**Task goal:** Return each entry below word for word, leaving out any image.

─── Data supplied

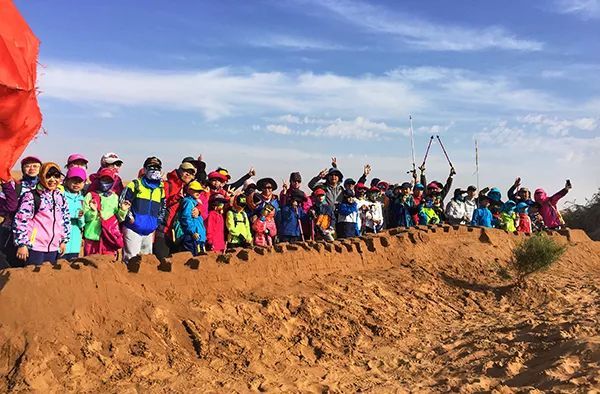 腾格里沙漠高端团建,腾格里沙漠徒步团建几天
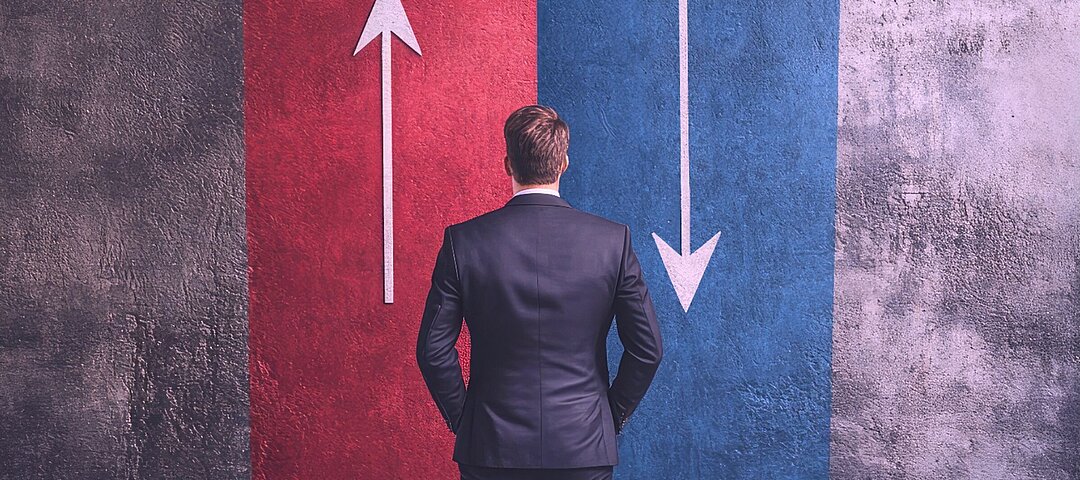 Einiges wird verkauft, kaum noch gebaut, Banken offener für Serviced Apartments und Hotels? In welche Richtung marschiert das zweite Halbjahr?  © AdobeStock/Alena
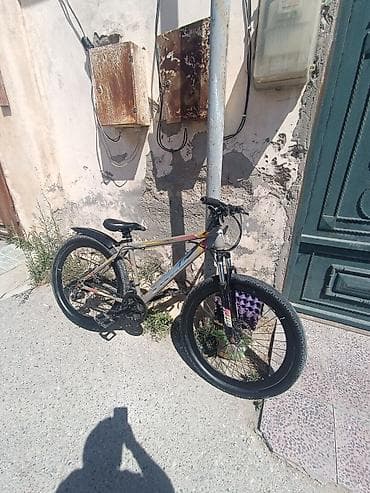 cube velo: Dağ/şosse üslubunda universal velosiped - Alüminium rəngli (boz) — 2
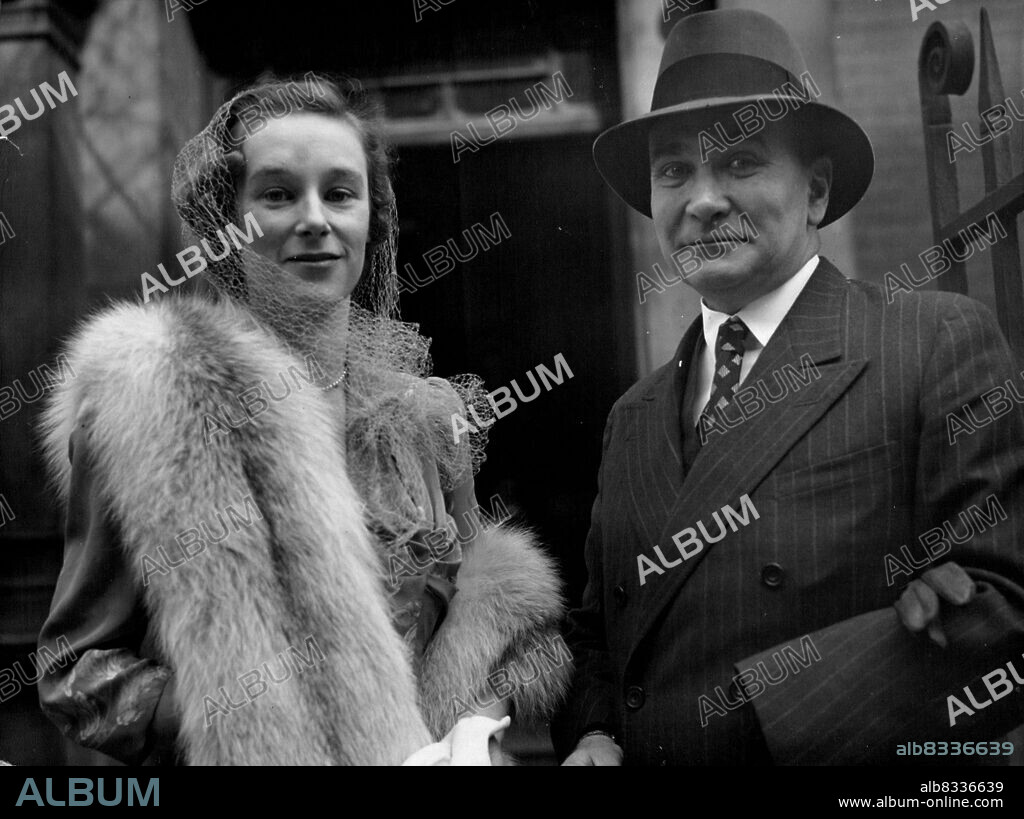 In 1948 Popski married a former ATS Officer, Pamela Firth, whom he had met in Vienna.Colonel Popski married Lt. Colonel Vladimir Peniakoff 51 better known as Popski of "Private Army Fame is seen with his bride formerly Miss Pamela Firth of Halstead Essex, leaving Chelsea registry office London after their marriage this morning April 2nd 1948. April 2, 1948. (Photo by The Associated Press Ltd.).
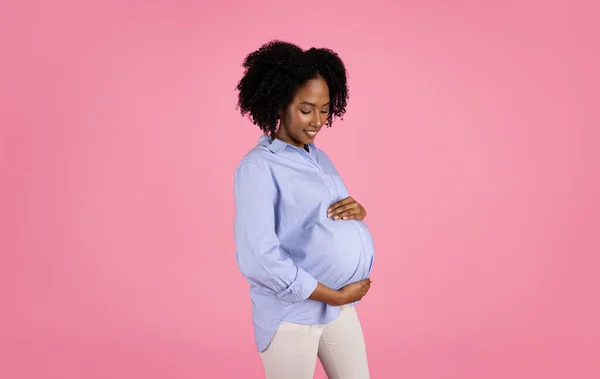 Leende Tusenåriga Afrikanska Lockigt Gravid Kvinna Casual Vidröra Stora Magen — Stockfoto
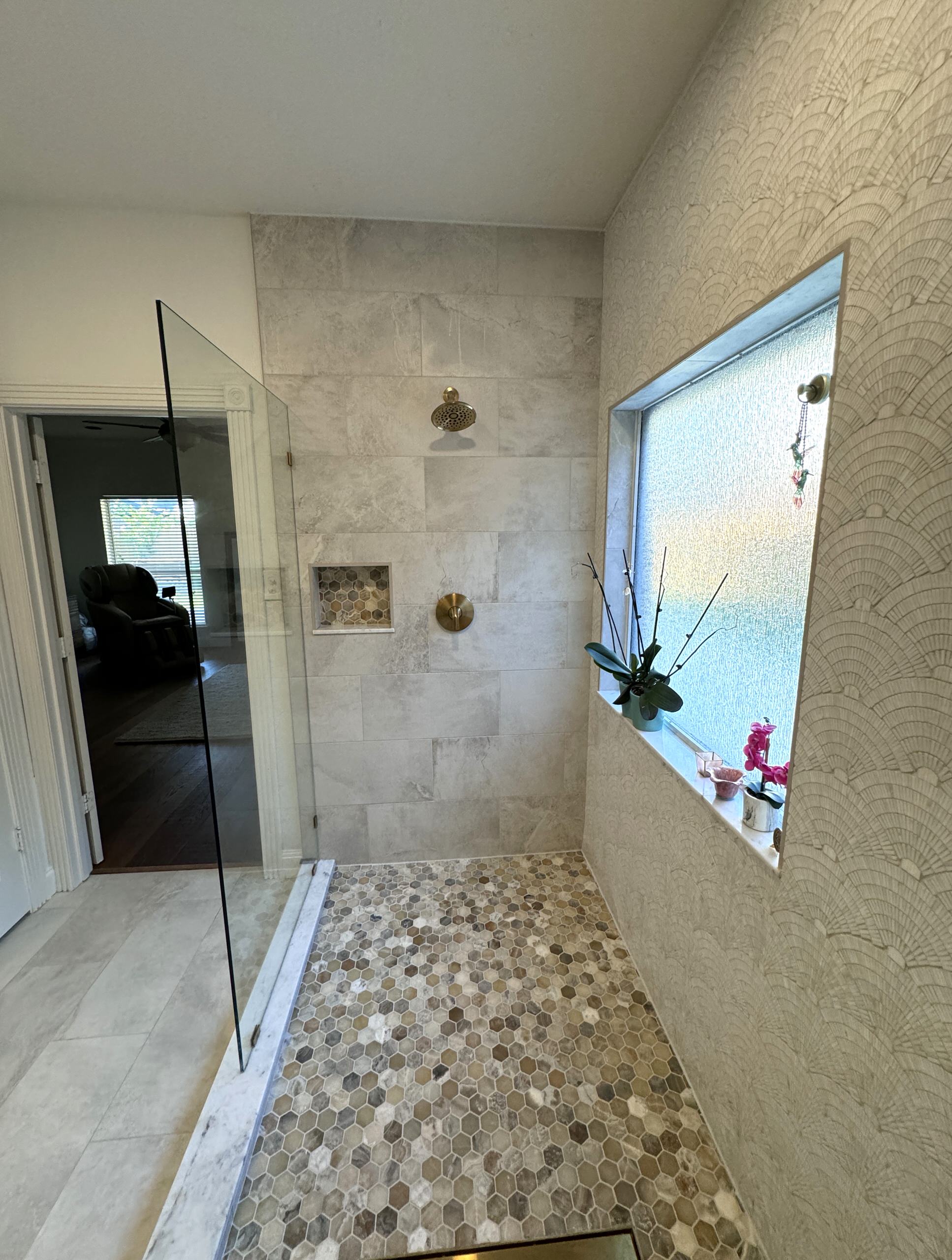 Primary and Guest Bathroom Remodeling in Katy, TX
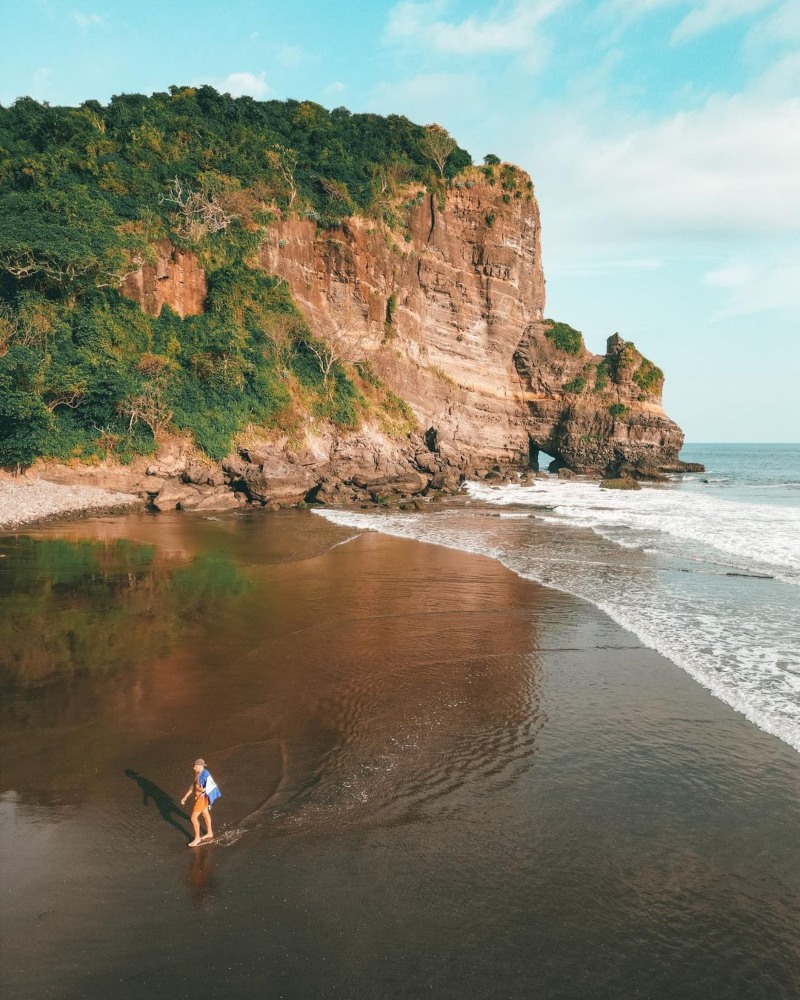El Salvador Beach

──────

**Response to this task:**
 腾格里沙漠高端团建,腾格里沙漠徒步团建几天
 Einiges wird verkauft, kaum noch gebaut, Banken offener für Serviced Apartments und Hotels? In welche Richtung marschiert das zweite Halbjahr?  © AdobeStock/Alena
 cube velo: Dağ/şosse üslubunda universal velosiped - Alüminium rəngli (boz) — 2
 In 1948 Popski married a former ATS Officer, Pamela Firth, whom he had met in Vienna.Colonel Popski married Lt. Colonel Vladimir Peniakoff 51 better known as Popski of "Private Army Fame is seen with his bride formerly Miss Pamela Firth of Halstead Essex, leaving Chelsea registry office London after their marriage this morning April 2nd 1948. April 2, 1948. (Photo by The Associated Press Ltd.).
 Leende Tusenåriga Afrikanska Lockigt Gravid Kvinna Casual Vidröra Stora Magen — Stockfoto
 Primary and Guest Bathroom Remodeling in Katy, TX
El Salvador Beach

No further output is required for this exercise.